A large part of sorting out this emotional and bodily pain comes from consciousness.

Helping clients understand what they want — their intention or why — is the first step to discovering, resolving and eliminating their emotional and bodily pain, explained Firass El Fateh, owner of OPEX Abbotsford in British Columbia.

They have to “dig very deep with their exact reason for doing all this,” El Fateh said. It starts on the first day. “It’s about setting expectations from the first consultation. Carry out the assessment together and give the client a clear picture of the situation of his body,” he added.

On an emotional level, if clients are honest about what they are really willing to sacrifice, such as losing 50 pounds, they are more likely to shed their emotional baggage and work to solve their problem.

In practice, your customers can understand your limitations if you subject them to a thorough evaluation.

For example, if your client knows that he has not passed a shoulder flexion test, he is more likely to respect the fact that maybe moving over a barbell is still not a good idea. Perhaps this is even the reason why they are still suffering. From there, you can follow a path that will help you correct this weakness and overcome the pain.
The change in mentality begins with the awareness of what is causing the emotional pain, the bodily pain and the understanding of what you want to achieve.

Step 2 : The beauty of simplicity

Remember the saying in elementary school: keep it simple, foolish?

As coaches, we are always trying to reinvent the wheel to keep people interested and show our knowledge. Another lesson I learned from PCC OPEX was the beauty of simplicity.

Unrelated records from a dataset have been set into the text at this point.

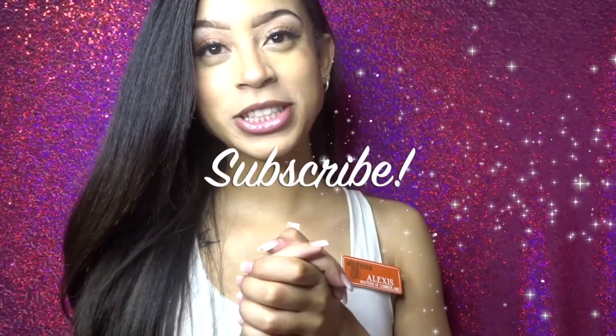Hey guys, welcome back to my channel. If you're not already subscribed, please subscribe and like this video, give it a thumbs up and share it. This is going to be how to get hired at Hooters.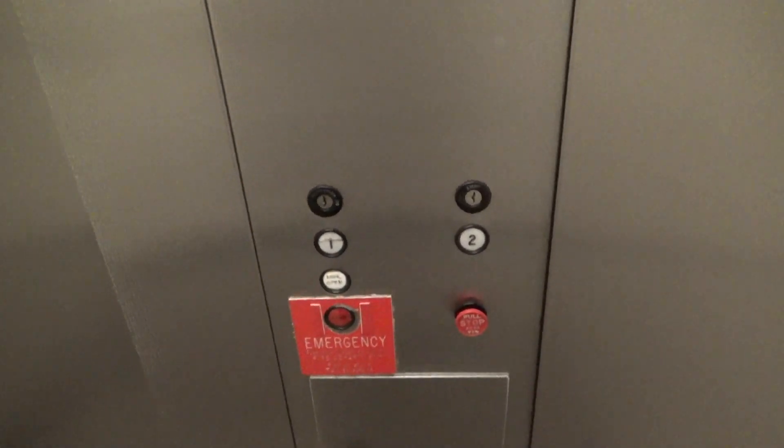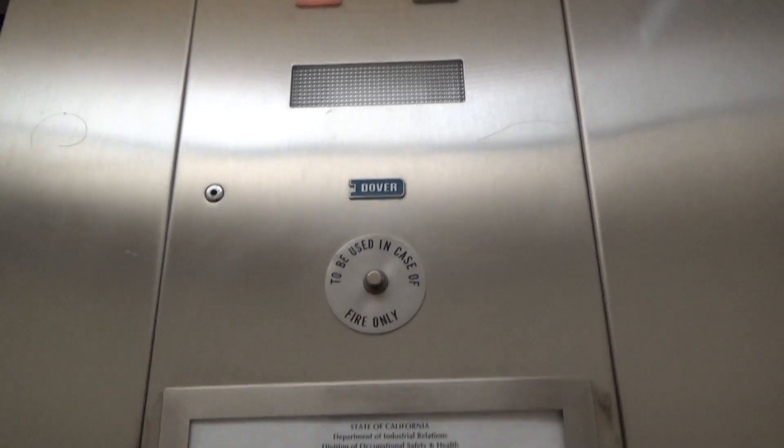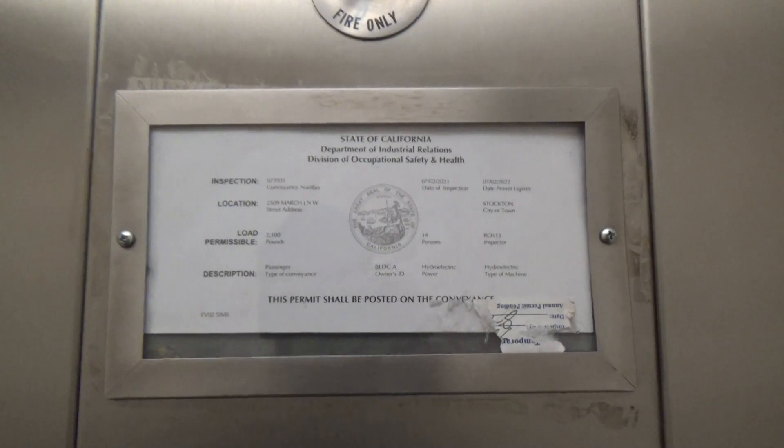This is weird. Look at how narrow this doorway is. Holy shit. Whoa, this is like a smash dome version of a traditional. This is a very early one. Look at that. It's got that logo. 2509 West Marsh Lane in Stockton, California.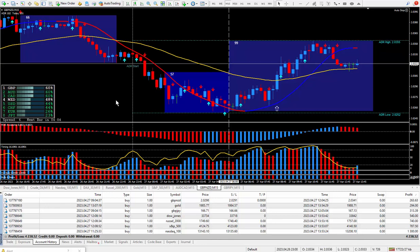Hi traders, this is Vortex Nelson and I'm back again today with another seven trades. Today's date is April the 27th and I am using my brand new PIP Trigger trading system.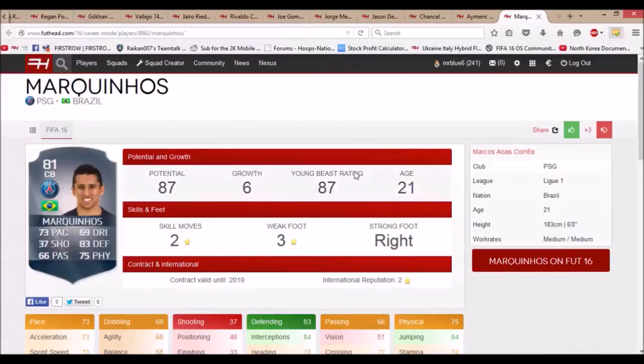The next player is Marquinhos. He's one of the higher-end young center-back signings you could have — a perfect signing for a team like Real Madrid, Barcelona, or Bayern, like a big team with a lot of money to spend. He starts at 81 rated and goes to 87 rated, and he's only 21 years old, so he'll be very expensive. You won't really be able to sign him unless you're a top team.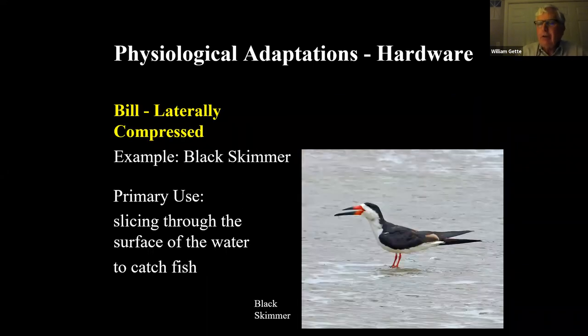Some really strange bill shapes: the black skimmer's upper mandible is much shorter than the lower one. It flies along with very shallow wingbeats, dragging its lower mandible just through the surface of the water. When it hits a fish, it closes its beak. It feeds on tiny fish right at the top surface — within an inch or two of the water.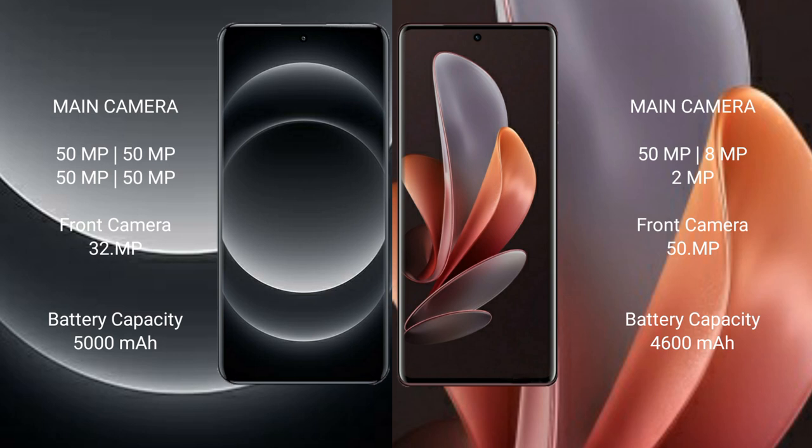Xiaomi 14 Ultra has a 5000mAh battery with 90W fast charging support. Vivo V29 has a 4600mAh battery with 80W fast charging support.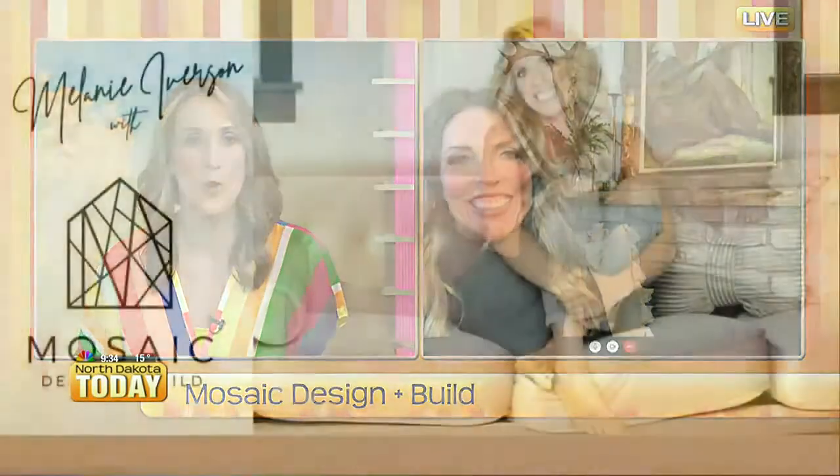It feels like winter outside but it's still fall, and we don't want to forget our fall holidays when we're starting to decorate our homes. Joining us now with the latest in fall home trends, we have Melanie Iverson back on the show — CEO and lead designer for Mosaic Design and Build. Melanie, welcome back to the show! So great to see you. We want to pick your brain a little bit for some of the fall trends in home decor.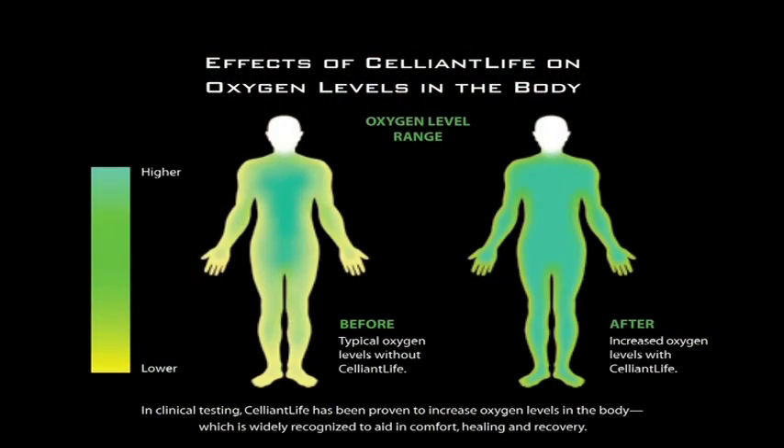In the diabetic population, it will increase oxygen at the surface, or oxygen to wounds, and eventually the wounds will heal on a quicker basis.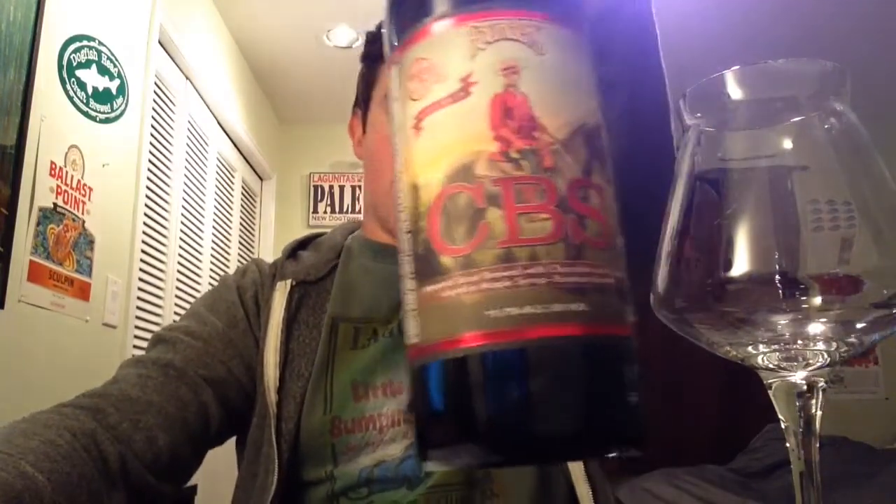As you can see by the bottle in front of me, it's a very, very special day. December 1st marks the release of Canadian Breakfast Stout by Founders Brewing Company, Grand Rapids, Michigan. I am so stoked, if you can't already tell by the tone and inflection of my voice, to be here with you guys and gals.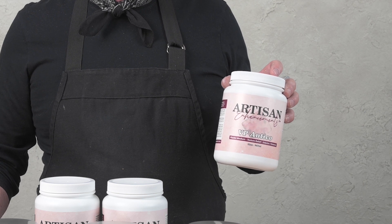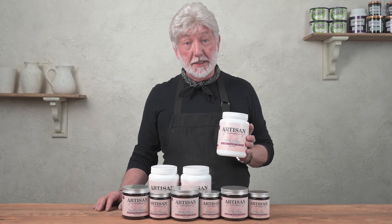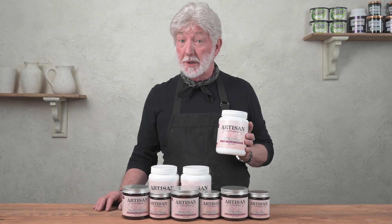VP Antico is a Venetian plaster that gives you a modern contemporary look. Great for wall treatments and furniture. You can create a suede look with it or polish it to look like marble. I like using it for larger spaces like dining rooms, bedrooms and hallways.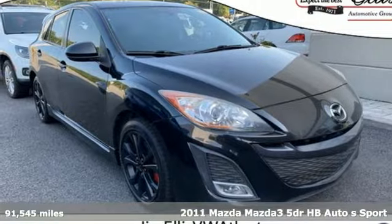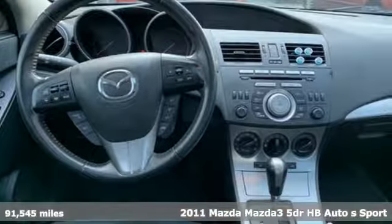Here's a 2011 Mazda 3. Engaging, exhilarating, the Mazda 3 exceeds expectations every day, every drive.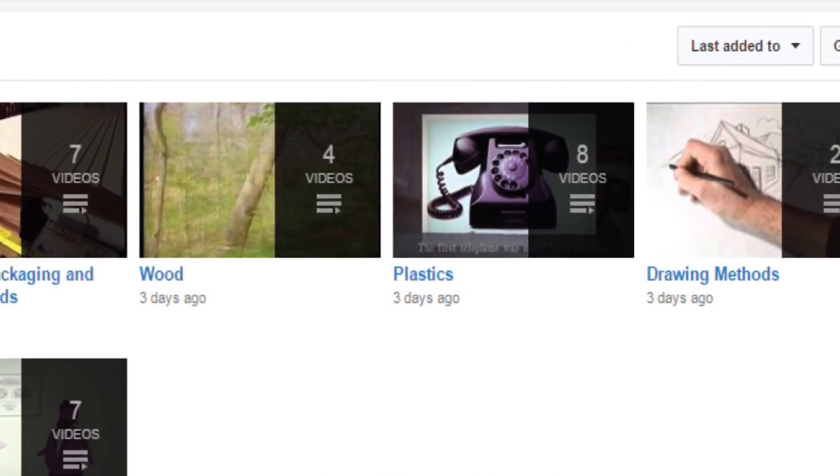Thank you for watching. Now go to D&T Tube and select Playlists to find out more.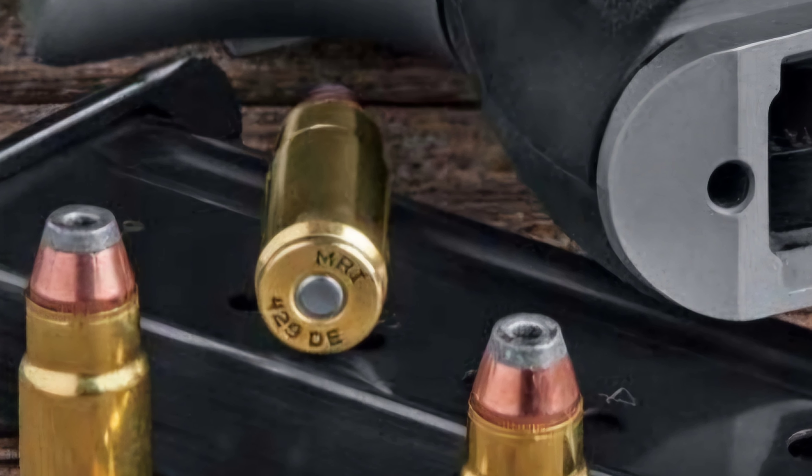Overall, the .429 DE does appear to be a particularly niche caliber. From what I found, it's only chambered in Desert Eagles, and I wasn't able to find anyone attempting to put this in anything other than a Desert Eagle. Ammo does appear to still be readily available online. However, given the lack of guns chambered for this caliber, as well as people generally preferring the much more common .357, .44, or especially the .50 AE chamberings for Desert Eagles, it honestly doesn't look too good for the .429 Desert Eagle — I would say it's probably going to be another .440 Corbin.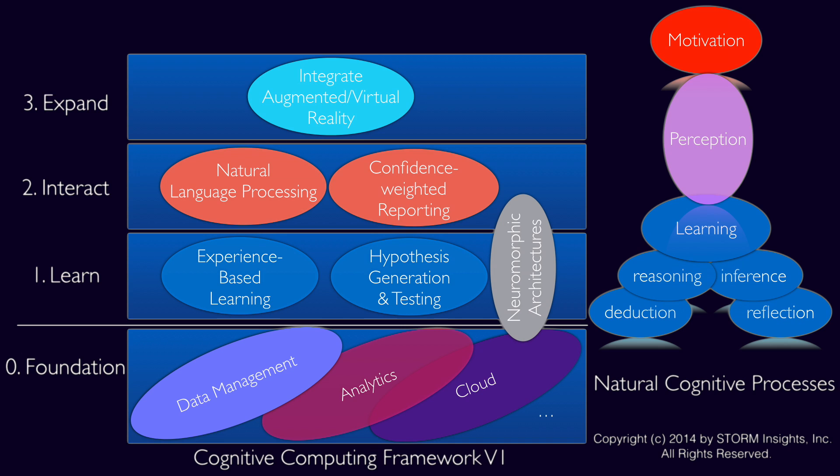Levels two and three start to cover the perception processes mentioned earlier. A level three solution could include sensor or sensory input from a variety of sources, nearby or remote. The unlabeled level four foreshadows future generations of cognitive computing where we can look at aspects of natural processing, like motivation.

This comes down, as Hardwick calls them, to the “basic lifestyle guidelines.”

That is, “start with the lifestyle,” Hardwick said.

First, you need to look at what the person did for fitness and whether they did “a series of contractions and movements that were inappropriate (for them),” Hardwick said.

See what you do the other 23 hours of the day. How are your sleep hygiene, your nutritional hygiene and your stress level? Teach them how it contributes to their pain, lack of recovery and fatigue, Hardwick added.

“If the client does not sleep well, does not drink enough water, does not get enough sunlight, there is no point in delving deeply into the design part of the program,” El Fateh added.

In addition to sleep, stress, sunlight, nutrition and other basic lifestyle guidelines, Hardwick asks coaches to take into account the number of steps the person takes each day, the amount of water they drink and the type of bowel movements they go through.

As James Fitzgerald, founder of OPEX, said, if you don’t feel comfortable telling your customers about your poo, you’re not discovered. “It’s an undeniable health barometer, or you have to tell your customers about it,” he said.

“Identify the lowest life habits,” said Hardwick, “and get closer to them before you bother to write a sophisticated exercise program that promises the world to your client.”

Step 3: Learn why.

Anyone can teach someone to squat, push, articulate, pull. Although useful for people to actually take a long-term path to better health and a pain-free life, they need to understand why they are doing what they are doing. This favors this very important buy-in, explains Hardwick.

“It has to start with the ability to educate our customers,” Hardwick said, not only through “principles and science,” but also through his own experiences and those of other customers.

El Fateh agrees. Once his clients have a clear understanding — based on the OPEX rating he presents to them – he can now “determine how your program will get you from where you are to where you want to go,” he explained.

He added: “”Explaining why the program is important When people know why they are doing something, they are much more likely to continue doing it.”

The more empowered and autonomous your clients become, the more likely they are to make decisions when they are not looking (which is mostly the problem) that are smart for them and that ultimately help them get out of pain in the long term.